• **EXERCISE DETAILS**: Return the lines below exactly as they appear, please, starting with the first and ending with the one that contains "DIEZI Baroque Vintage".

+++

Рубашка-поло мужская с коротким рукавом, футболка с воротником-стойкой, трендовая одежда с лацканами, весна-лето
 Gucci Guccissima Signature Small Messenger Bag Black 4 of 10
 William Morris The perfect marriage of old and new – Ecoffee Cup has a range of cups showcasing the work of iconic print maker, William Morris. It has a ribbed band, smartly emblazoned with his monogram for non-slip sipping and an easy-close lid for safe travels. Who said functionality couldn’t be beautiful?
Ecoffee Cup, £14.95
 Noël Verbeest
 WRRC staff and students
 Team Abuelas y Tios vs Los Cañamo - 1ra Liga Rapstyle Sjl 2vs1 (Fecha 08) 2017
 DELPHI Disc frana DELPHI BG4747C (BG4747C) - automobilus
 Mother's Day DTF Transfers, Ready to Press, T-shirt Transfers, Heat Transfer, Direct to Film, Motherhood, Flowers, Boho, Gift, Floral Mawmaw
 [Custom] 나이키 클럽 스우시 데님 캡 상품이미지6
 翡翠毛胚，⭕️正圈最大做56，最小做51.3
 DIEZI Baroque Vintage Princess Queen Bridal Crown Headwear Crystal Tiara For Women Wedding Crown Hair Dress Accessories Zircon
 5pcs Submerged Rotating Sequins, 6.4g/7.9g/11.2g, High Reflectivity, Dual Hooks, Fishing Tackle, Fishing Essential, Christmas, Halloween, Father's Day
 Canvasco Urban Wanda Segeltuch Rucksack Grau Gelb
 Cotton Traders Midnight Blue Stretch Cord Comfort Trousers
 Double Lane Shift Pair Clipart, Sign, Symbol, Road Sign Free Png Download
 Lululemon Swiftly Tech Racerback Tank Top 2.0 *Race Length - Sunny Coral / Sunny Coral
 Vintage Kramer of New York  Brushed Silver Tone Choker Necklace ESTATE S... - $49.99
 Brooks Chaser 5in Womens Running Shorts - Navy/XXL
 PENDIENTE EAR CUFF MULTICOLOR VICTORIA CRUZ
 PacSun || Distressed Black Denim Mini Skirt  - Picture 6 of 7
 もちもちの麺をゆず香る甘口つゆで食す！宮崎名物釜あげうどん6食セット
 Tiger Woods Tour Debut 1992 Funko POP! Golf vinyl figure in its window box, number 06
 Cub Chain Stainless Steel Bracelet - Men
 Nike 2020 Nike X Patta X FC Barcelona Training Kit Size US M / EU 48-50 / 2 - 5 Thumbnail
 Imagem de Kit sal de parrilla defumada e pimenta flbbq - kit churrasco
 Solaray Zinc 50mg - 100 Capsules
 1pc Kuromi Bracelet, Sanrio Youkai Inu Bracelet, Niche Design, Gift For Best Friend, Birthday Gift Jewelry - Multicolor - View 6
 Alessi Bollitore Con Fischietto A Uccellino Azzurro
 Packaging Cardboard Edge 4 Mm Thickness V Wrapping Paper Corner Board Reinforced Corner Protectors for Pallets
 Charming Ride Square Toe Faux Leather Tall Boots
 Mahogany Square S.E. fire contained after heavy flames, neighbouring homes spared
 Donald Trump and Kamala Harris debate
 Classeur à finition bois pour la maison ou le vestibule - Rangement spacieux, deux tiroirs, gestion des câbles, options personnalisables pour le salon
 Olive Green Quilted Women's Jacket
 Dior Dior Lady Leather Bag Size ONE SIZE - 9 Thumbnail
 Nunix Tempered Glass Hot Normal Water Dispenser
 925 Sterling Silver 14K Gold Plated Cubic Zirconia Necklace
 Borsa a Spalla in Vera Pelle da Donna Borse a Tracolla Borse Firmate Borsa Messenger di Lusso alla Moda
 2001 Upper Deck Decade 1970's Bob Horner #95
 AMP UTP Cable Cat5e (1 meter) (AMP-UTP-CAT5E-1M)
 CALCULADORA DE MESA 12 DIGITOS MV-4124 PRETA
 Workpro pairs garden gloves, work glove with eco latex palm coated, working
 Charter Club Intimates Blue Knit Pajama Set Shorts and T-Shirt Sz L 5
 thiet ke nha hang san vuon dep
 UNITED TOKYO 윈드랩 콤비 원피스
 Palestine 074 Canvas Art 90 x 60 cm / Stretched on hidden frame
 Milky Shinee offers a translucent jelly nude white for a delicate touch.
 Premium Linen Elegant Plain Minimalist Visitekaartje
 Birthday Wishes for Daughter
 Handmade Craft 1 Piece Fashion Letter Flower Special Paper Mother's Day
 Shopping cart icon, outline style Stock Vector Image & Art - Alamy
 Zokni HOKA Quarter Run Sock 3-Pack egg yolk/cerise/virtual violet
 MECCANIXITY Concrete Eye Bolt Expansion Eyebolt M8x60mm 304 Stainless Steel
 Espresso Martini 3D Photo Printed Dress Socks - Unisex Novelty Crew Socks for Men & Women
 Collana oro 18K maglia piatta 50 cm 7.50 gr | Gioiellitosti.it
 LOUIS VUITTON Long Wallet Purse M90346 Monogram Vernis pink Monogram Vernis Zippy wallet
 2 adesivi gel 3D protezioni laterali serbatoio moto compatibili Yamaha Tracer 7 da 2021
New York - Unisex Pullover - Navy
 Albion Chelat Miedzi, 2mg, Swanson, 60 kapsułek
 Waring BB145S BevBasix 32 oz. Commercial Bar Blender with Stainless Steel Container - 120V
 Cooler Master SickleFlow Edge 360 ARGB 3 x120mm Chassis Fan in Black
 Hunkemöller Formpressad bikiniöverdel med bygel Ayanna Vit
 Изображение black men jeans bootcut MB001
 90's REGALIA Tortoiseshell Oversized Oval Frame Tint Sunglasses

+++

• **EXERCISE ANSWER**:
Рубашка-поло мужская с коротким рукавом, футболка с воротником-стойкой, трендовая одежда с лацканами, весна-лето
 Gucci Guccissima Signature Small Messenger Bag Black 4 of 10
 William Morris The perfect marriage of old and new – Ecoffee Cup has a range of cups showcasing the work of iconic print maker, William Morris. It has a ribbed band, smartly emblazoned with his monogram for non-slip sipping and an easy-close lid for safe travels. Who said functionality couldn’t be beautiful?
Ecoffee Cup, £14.95
 Noël Verbeest
 WRRC staff and students
 Team Abuelas y Tios vs Los Cañamo - 1ra Liga Rapstyle Sjl 2vs1 (Fecha 08) 2017
 DELPHI Disc frana DELPHI BG4747C (BG4747C) - automobilus
 Mother's Day DTF Transfers, Ready to Press, T-shirt Transfers, Heat Transfer, Direct to Film, Motherhood, Flowers, Boho, Gift, Floral Mawmaw
 [Custom] 나이키 클럽 스우시 데님 캡 상품이미지6
 翡翠毛胚，⭕️正圈最大做56，最小做51.3
 DIEZI Baroque Vintage Princess Queen Bridal Crown Headwear Crystal Tiara For Women Wedding Crown Hair Dress Accessories Zircon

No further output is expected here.